Gilbert was born in 1942 in San Martino in the Dolomites; a year later George was born in Devonshire. It was the St. Martin School of Art of London, where they both studied sculpture, that brought them together in 1967. Singing Sculpture, their first performance in front of the school's students, was in 1969. The two presented themselves as 'living sculptures', renouncing their surnames and identities "because we come from nothing and where we are going nobody knows", they say. 1971 was the year of their first solo exhibition, when they presented their first large black and white images at the Whitechapel in London, the Kunstverein in Düsseldorf and the Stedelijk in Amsterdam. Success came in 1972 when they were invited to the Documenta exhibition in Kassel and the Daily Mirror proclaimed them "the great, new phenomenon of the art world". In 1976 the first museum exhibition in the USA, at the Albrightknox in Buffalo.

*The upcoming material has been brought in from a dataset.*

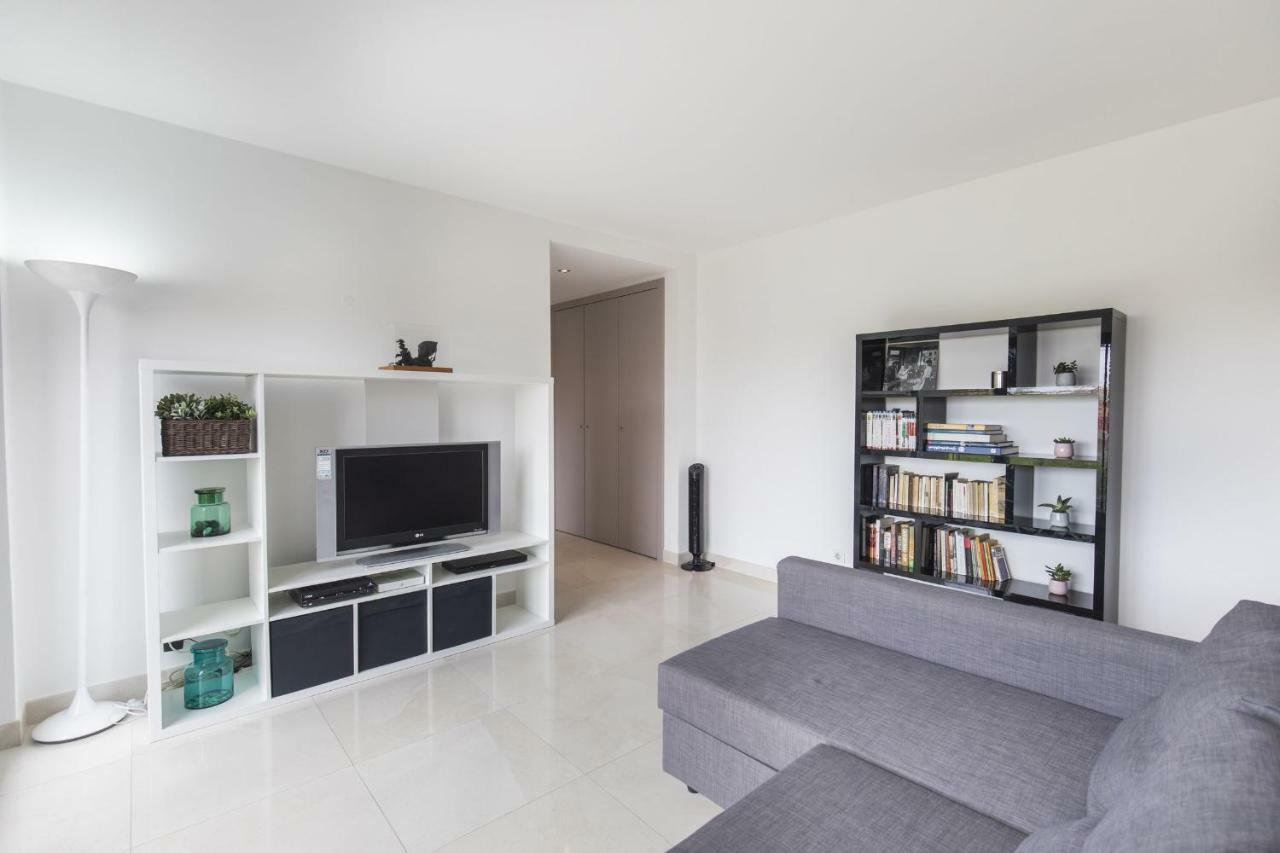 Modern Flat Lägenhet Estoril Exteriör bild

Awards and exhibitions in Italy and worldwide

In 1977 they stopped showing themselves as living sculptures and their large, grid-structured image collages with their ever-present portraits began to undergo changes: initially only in black and white, red was later added as a symbol of despair until they suddenly became colourful in 1980. In the same year they participated in the Venice Biennale. In 1986 they received the Turner Prize from the Tate in London. From 2003 they began to use digital technologies to experiment with different effects such as doubling the same half of the faces. In 2007 the Tate Modern in London hosted them for the largest retrospective ever devoted to living artists. A further celebration of their artistic career will be the awarding of the "Lorenzo il Magnifico" prize for lifetime achievement at the VI Edition of the Florence Biennale of Contemporary Art.

Art for All

It is known about their private life that they live like most English people. You can find them in the phone book and meet them on the bus. Among the most represented themes: religion, sex, racial problems and personal identity. Their protagonist is the metropolis, and the tensions and desires that arise in the encounter/clash between different ethnic groups, values and customs. But what characterises their art is the concept of embedding in the artistic experience the whole of human life, every moment and every individual, including themselves. This is how "Art For All" was born, a concept developed in the urban context of London's East End where they have lived and worked for forty years and which remains their main source of inspiration. A concept that excludes nothing from artistic representation, not even the most disturbing things or those unnamed by excessive respectability. An art that does not exclude bodily fluids, blood or even faeces, examples of Body Art.

In the 1980s, they dedicated a number of paintings to blood molecules, entitled For Aids, and in 2007 at the Tate with Six Bomb Pictures they represented London under the terrorist attacks of June 2005. For Gilbert & George, art is nothing other than a reworking of life and must necessarily also have an educational function, showing the way to overcome any taboo, whether religious, cultural or social.